I've read this poem and am having trouble understanding what is happening. Could anyone help me figure out what its talking about?
The Vanishing Red
He is said to have been the last Red man
In Action. And the Miller is said to have laughed--
If you like to call such a sound a laugh.
But he gave no one else a laugher's license.
For he turned suddenly grave as if to say,
'Whose business,--if I take it on myself,
Whose business--but why talk round the barn?--
When it's just that I hold with getting a thing done with.'
You can't get back and see it as he saw it.
It's too long a story to go into now.
You'd have to have been there and lived it.
They you wouldn't have looked on it as just a matter
Of who began it between the two races.
Some guttural exclamation of surprise
The Red man gave in poking about the mill
Over the great big thumping shuffling millstone
Disgusted the Miller physically as coming
From one who had no right to be heard from.
'Come, John,' he said, 'you want to see the wheel-pint?'
He took him down below a cramping rafter,
And showed him, through a manhole in the floor,
The water in desperate straits like frantic fish,
Salmon and sturgeon, lashing with their tails.
The he shut down the trap door with a ring in it
That jangled even above the general noise,
And came upstairs alone--and gave that laugh,
And said something to a man with a meal-sack
That the man with the meal-sack didn't catch--then.
Oh, yes, he showed John the wheel-pit all right.
The miller caught an Amerindian sneaking round his mill. We are not told why he was there. The miller murdered him, but doesn't seem to see his act as such.
Why is Action capitalized? It's a place? And while we are at it, why is Red capitalized and man is not? Oh, yeah, what's up with wheel-pint and wheel-pit?
I'm guessing those are typos and Acton, Mass. (USA) is intended?
He is said to have been the last Red Man
In Acton.
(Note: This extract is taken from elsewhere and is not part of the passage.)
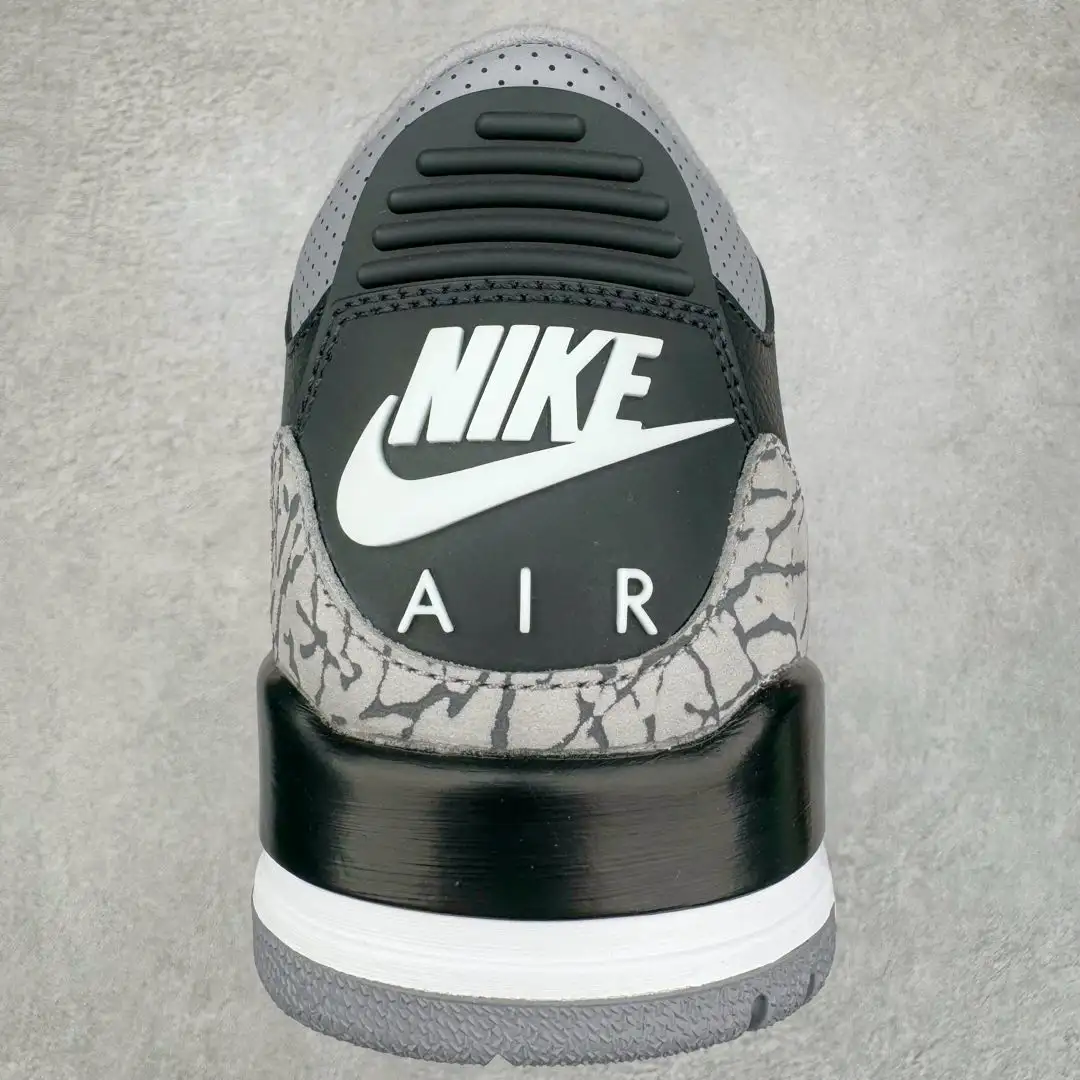 Air Jordan 3 - Image 9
And the Miller is said to have laughed-
If you like to call such a sound a laugh.
But he gave no one else a laugher's license.
For he turned suddenly grave as if to say,
"Whose business,-if I take it on myself,
Whose business-but why talk round the barn?-
When it's just that I hold with getting a thing done with."
You can't get back and see it as he saw it.
It's too long a story to go into now.
You'd have to have been there and lived it.
Then you wouldn't have looked on it as just a matter
Of who began it between the two races.
Some guttural exclamation of surprise
The Red Man gave in poking about the mill
Over the great big thumping shuffling mill-stone
Disgusted the Miller physically as coming
From one who had no right to be heard from.
"Come, John," he said, "you want to see the wheel pit?"
He took him down below a cramping rafter,
And showed him, through a manhole in the floor,
The water in desperate straits like frantic fish,
Salmon and sturgeon, lashing with their tails.
Then he shut down the trap door with a ring in it
That jangled even above the general noise,
And came up stairs alone-and gave that laugh,
And said something to a man with a meal-sack
That the man with the meal-sack didn't catch-then.
Oh, yes, he showed John the wheel pit all right.
What's 'talk round the barn'? Evade the issue?
This is a strange run-on sentence:
Some guttural exclamation of surprise
The Red Man gave in poking about the mill
Over the great big thumping shuffling mill-stone
Disgusted the Miller physically as coming
From one who had no right to be heard from.
Yeah, it's murder all right. We aren't really told what the Red Man was doing there, or why he was killed. Racially motivated in any case, I would think.
Is The Red Man and John the same person....confused?
Yup. We aren't told exactly, but I envision that Injun John is found to be in the mill and the conversation went something like,
MILLER - "Hey, John, what are you doing in my mill?"
JOHN - "Yikes! You scared me, Mr Miller. I was just curious how the mill worked. How the water turns the stone and grinds the grain, I mean."
MILLER - "No problem. Come on over here and take a look down this hole."